(Reuters) - Sirhan Sirhan, the assassin of Democratic presidential candidate Robert Kennedy in 1968, faces a California parole board for the 15th time on Wednesday.
Sirhan, 71, will have a suitability hearing at Richard J. Donovan Correctional Facility near San Diego, the California Board of Parole Hearings said on its website.
The Palestinian-born Sirhan is serving a life sentence for gunning down Kennedy at the Ambassador Hotel in Los Angeles, shortly after he won the California Democratic presidential primary.
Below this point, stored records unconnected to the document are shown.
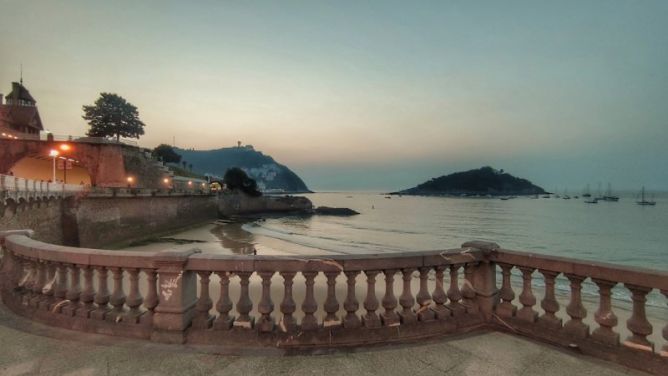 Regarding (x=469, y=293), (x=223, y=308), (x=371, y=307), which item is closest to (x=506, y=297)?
(x=469, y=293)

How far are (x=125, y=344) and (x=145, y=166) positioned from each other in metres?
51.4

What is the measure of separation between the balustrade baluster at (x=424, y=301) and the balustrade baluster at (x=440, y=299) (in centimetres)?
9

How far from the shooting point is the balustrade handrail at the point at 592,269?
342 cm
Kennedy died the next day.
Sirhan was sentenced to death in 1969. His sentence was commuted to life in prison after California banned the death penalty.
He has said that he had no recollection of the killing and also that he had fired at Kennedy because he was enraged by his support for Israel.
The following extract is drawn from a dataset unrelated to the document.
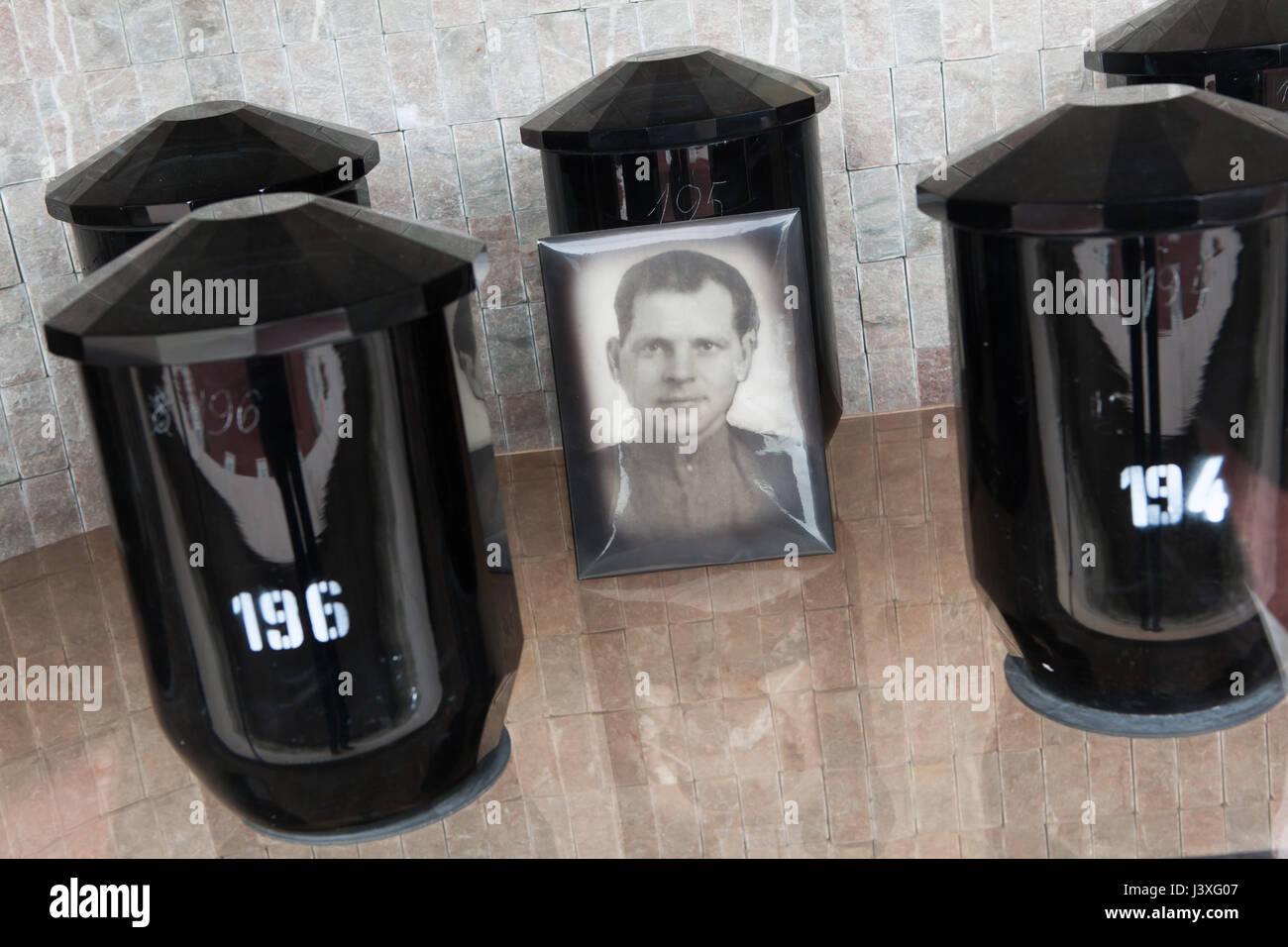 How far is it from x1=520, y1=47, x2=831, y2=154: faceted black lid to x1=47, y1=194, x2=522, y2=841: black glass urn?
2.69ft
Sirhan was last denied parole in 2011 and is being housed in a state prison in San Diego.
Sirhan's lawyers failed last year to persuade a U.S. District judge to free him because he was innocent.
Defense lawyers had argued that Sirhan had not been physically in position to fire the fatal shot, and that a second shooter and gun may have been responsible.
Kennedy was a U.S. senator from New York when he died at age 42. His older brother, President John F. Kennedy, was assassinated in 1963.